Kananga – A journalist held since last month as part of an investigation into a video of the 2017 killing of two UN experts in the Democratic Republic of Congo was released on Tuesday.
Military prosecutors granted Sosthene Kambidi provisional release following a public hearing in Kananga, capital of Kasai Central province.
Kananga is the nearest city to Bunkonde village, the scene of the murders on March 12, 2017.
The order to release Kambidi, seen by AFP, stipulated that he may not leave Kananga without express authorisation and only for essential travel.
Kambidi appeared before the military tribunal for the first time on September 30 when prosecutors grilled him on how he came into possession of the video of the killings.
He indicated that he had received the video from a lawyer, who in turn said he had obtained it from others.
Kambidi’s lawyer Dominique Kambala said his client was therefore at the end of the chain of possession, complaining that the journalist should not have been detained as he was only a witness in the case.
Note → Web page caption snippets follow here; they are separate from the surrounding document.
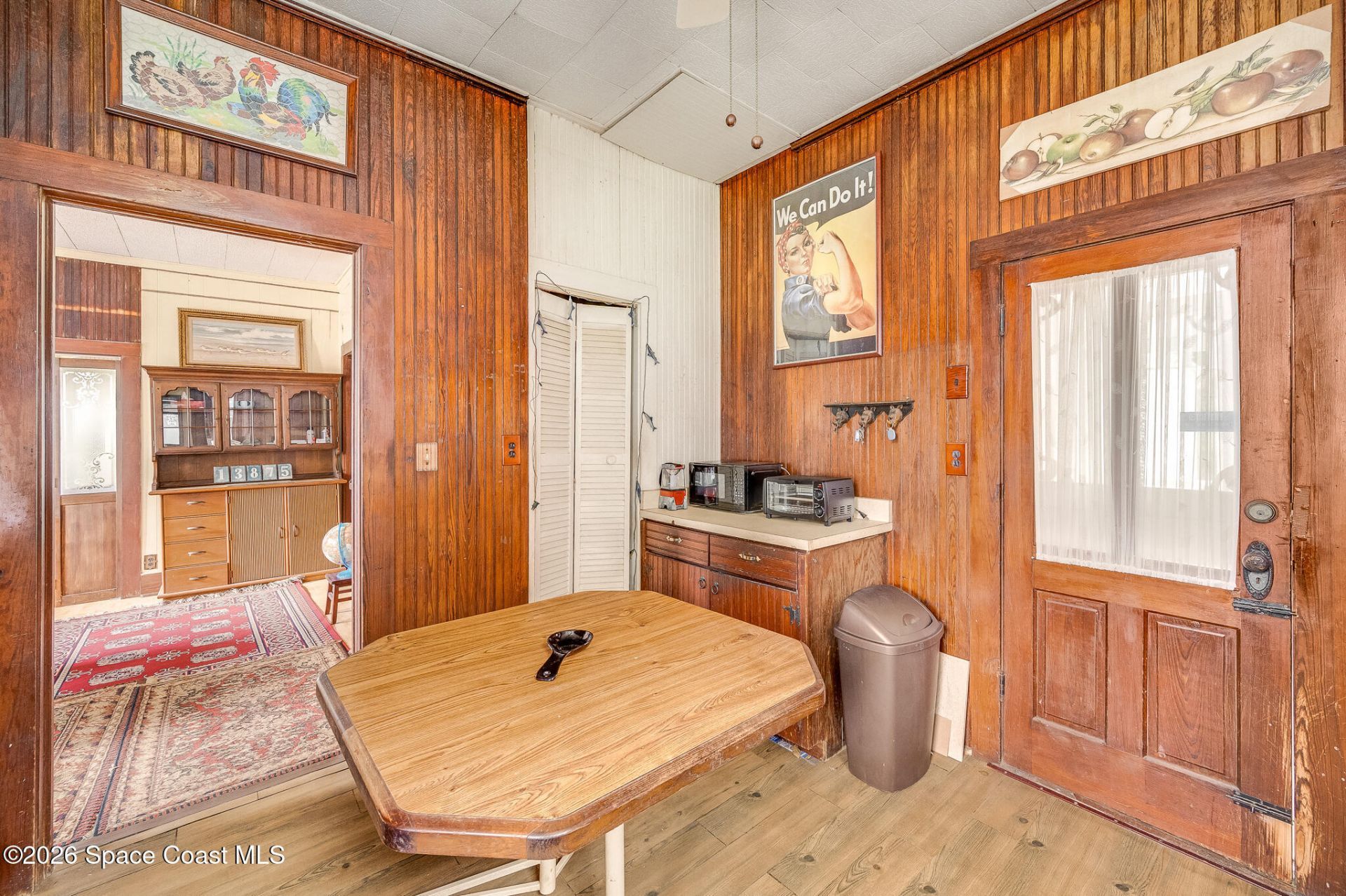 13875 N Indian River Drive, Sebastian, FL 32958 Photo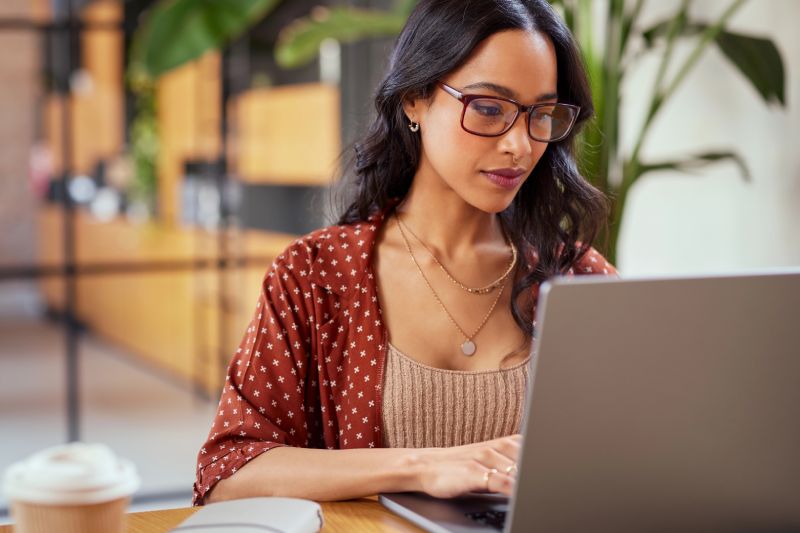 aprender online y el cambio climatico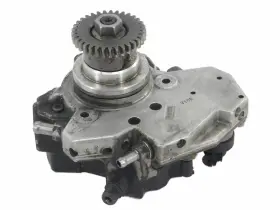 Om642 Jeep 445 010 135 High Pressure Diesel Fuel Injection Pump For 07-09 Grand Cherokee 3.0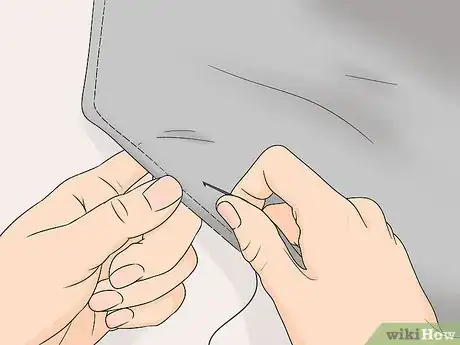 Imagen titulada Sew a Suit Step 13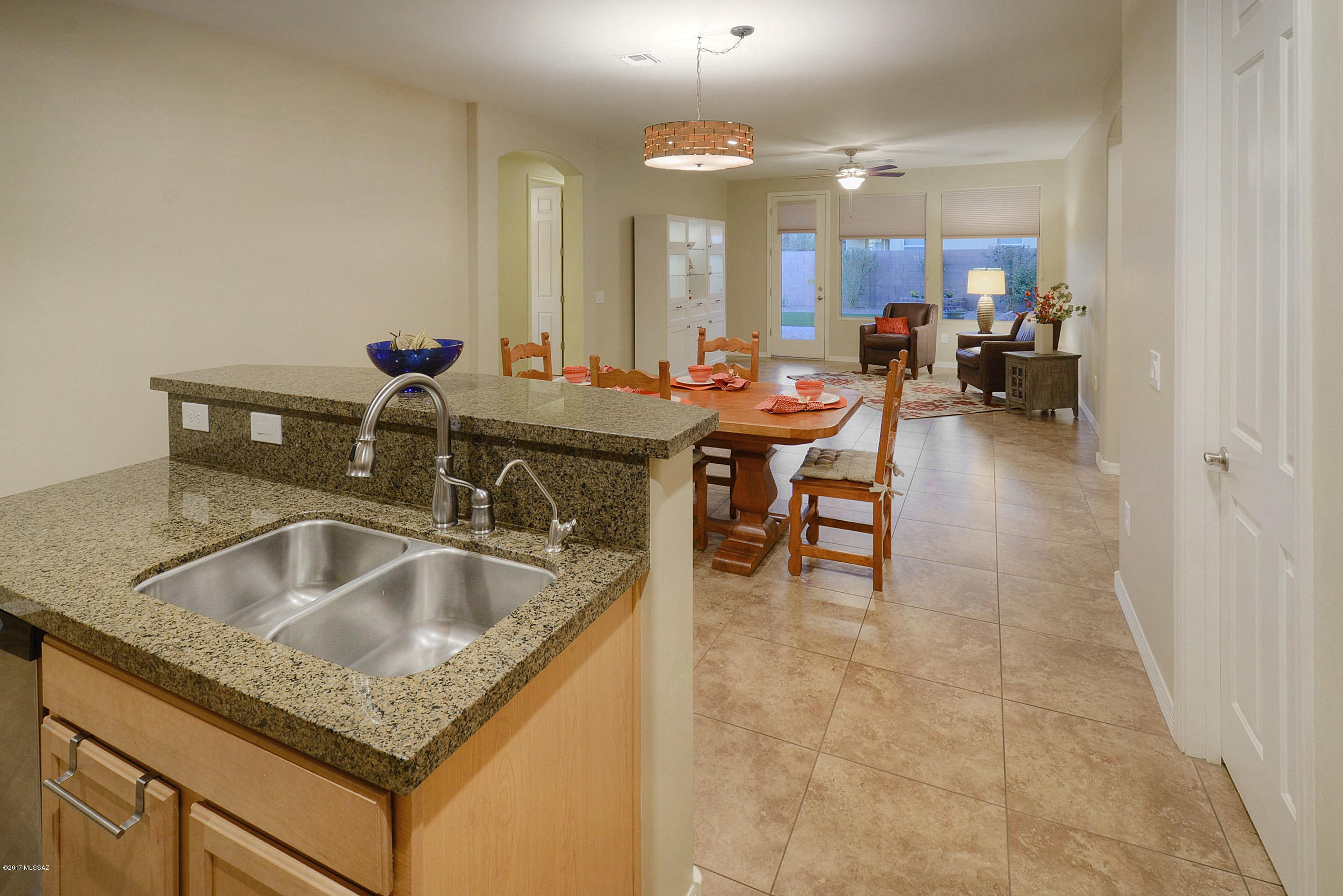 Gladden Farms BLK 17 - Residential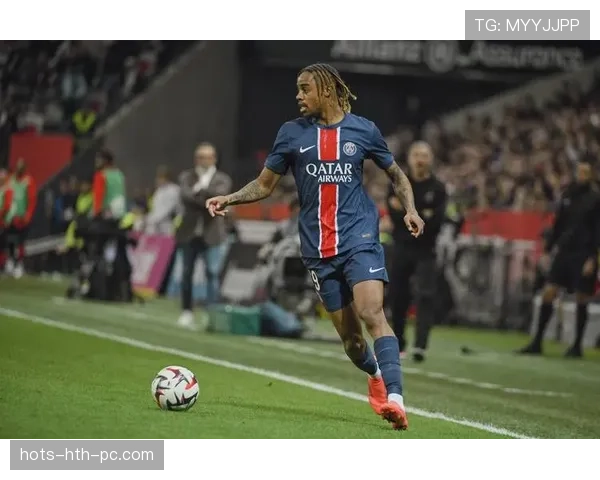 巴尔科拉表现为何起伏不定？稳定性缺失的根源解析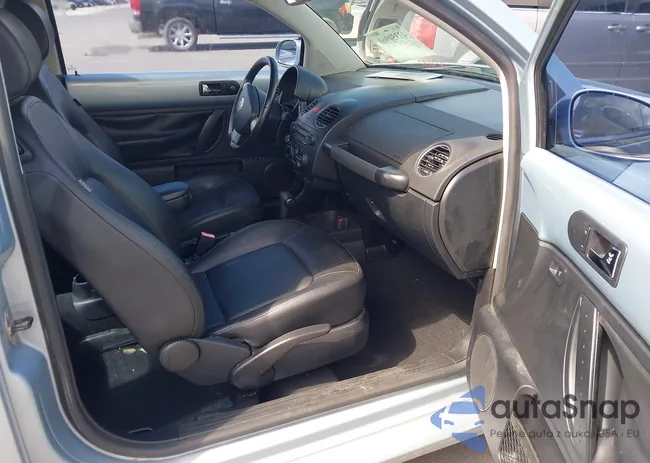 3VWRW31C39M514352: 43350960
The video has become the focal point for an investigation into the kidnapping and murders of American Michael Sharp and Swedish-Chilean Zaida Catalan, who had been hired by the UN to investigate violence in the Kasai region.
Around 30 people have been accused of taking part in the murders, but a trial that began in June 2017 had stalled.
“I am relieved to be able to return to my family and soon my work colleagues,” Kambidi said, “but I’m also sad that others… remain in detention.”
Other people questioned over the video, including videographer Israel Ntumba, remain in custody, Kambala said.
Kambidi, who was first detained on September 20, has worked as a freelancer for AFP and Radio France Internationale (RFI) and at the Congolese online news site Actualite.cd in Kananga.
According to the official version of events, the two UN experts were killed by members of the Kamuina Nsapu rebel group, which was fighting government forces.
The conflict with Kamuina Nsapu left an estimated 3 400 people dead and tens of thousands displaced between September 2016 and mid-2017 in the Kasai region.